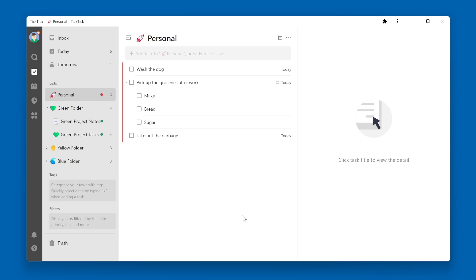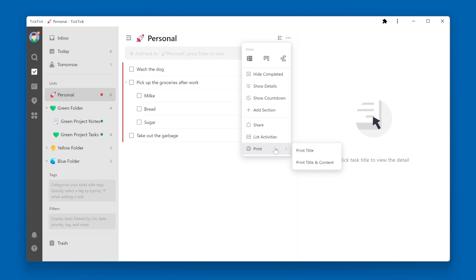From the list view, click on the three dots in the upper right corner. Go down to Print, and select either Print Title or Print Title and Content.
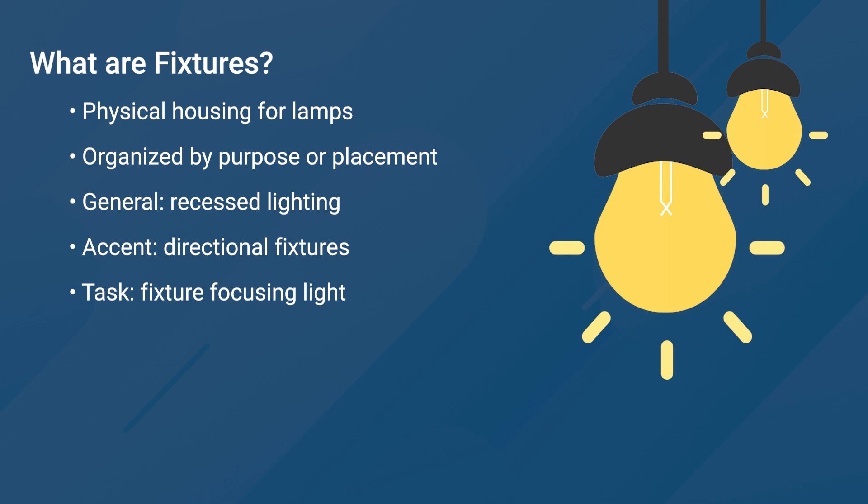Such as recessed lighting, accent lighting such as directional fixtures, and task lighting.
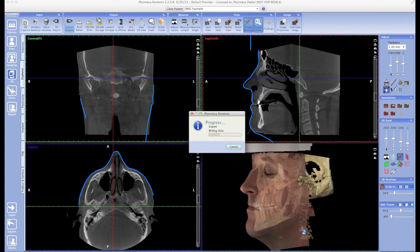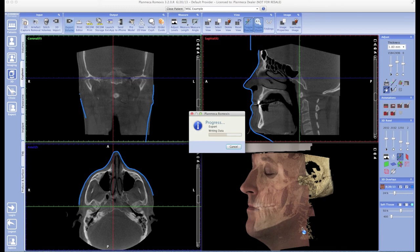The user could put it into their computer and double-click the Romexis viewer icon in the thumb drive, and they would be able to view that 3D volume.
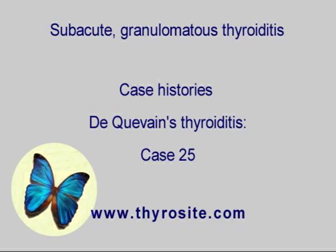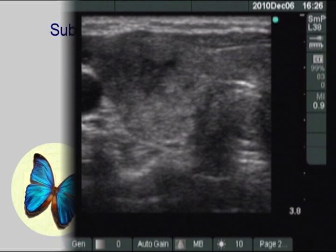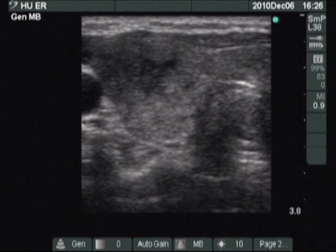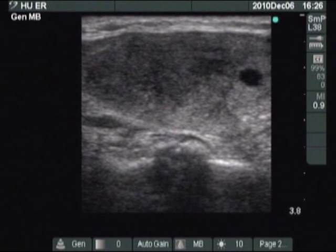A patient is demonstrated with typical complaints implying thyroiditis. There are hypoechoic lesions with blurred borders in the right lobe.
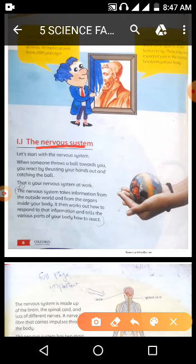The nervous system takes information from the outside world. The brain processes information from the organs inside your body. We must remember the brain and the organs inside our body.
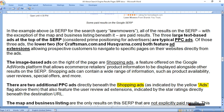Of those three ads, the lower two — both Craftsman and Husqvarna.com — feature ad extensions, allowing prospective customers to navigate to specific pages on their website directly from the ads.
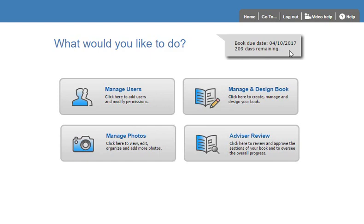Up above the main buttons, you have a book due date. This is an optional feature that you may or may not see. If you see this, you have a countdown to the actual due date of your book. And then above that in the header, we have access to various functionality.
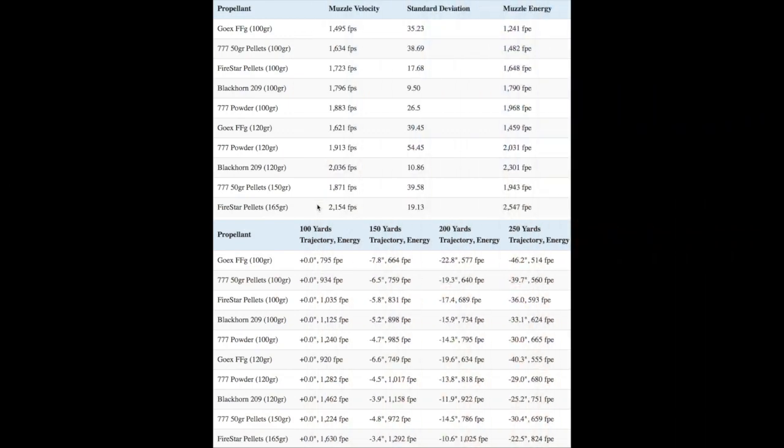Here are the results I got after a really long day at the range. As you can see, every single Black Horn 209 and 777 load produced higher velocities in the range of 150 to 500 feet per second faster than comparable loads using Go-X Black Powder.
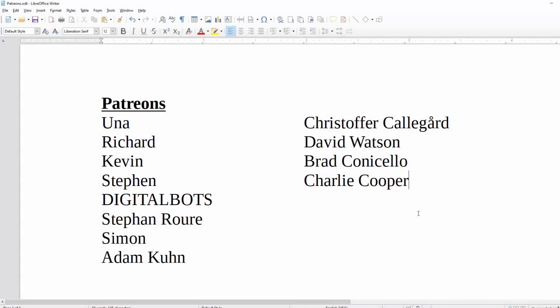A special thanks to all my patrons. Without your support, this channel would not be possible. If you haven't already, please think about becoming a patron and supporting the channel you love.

——————

◆ Task to complete:
Output only the stretch above from the line with "Of those three" through the line with "Here are the", reproduced exactly. Exclude pictures.

◆ Answer space:
Of those three ads, the lower two — both Craftsman and Husqvarna.com — feature ad extensions, allowing prospective customers to navigate to specific pages on their website directly from the ads.
Up above the main buttons, you have a book due date. This is an optional feature that you may or may not see. If you see this, you have a countdown to the actual due date of your book. And then above that in the header, we have access to various functionality.
Here are the results I got after a really long day at the range. As you can see, every single Black Horn 209 and 777 load produced higher velocities in the range of 150 to 500 feet per second faster than comparable loads using Go-X Black Powder.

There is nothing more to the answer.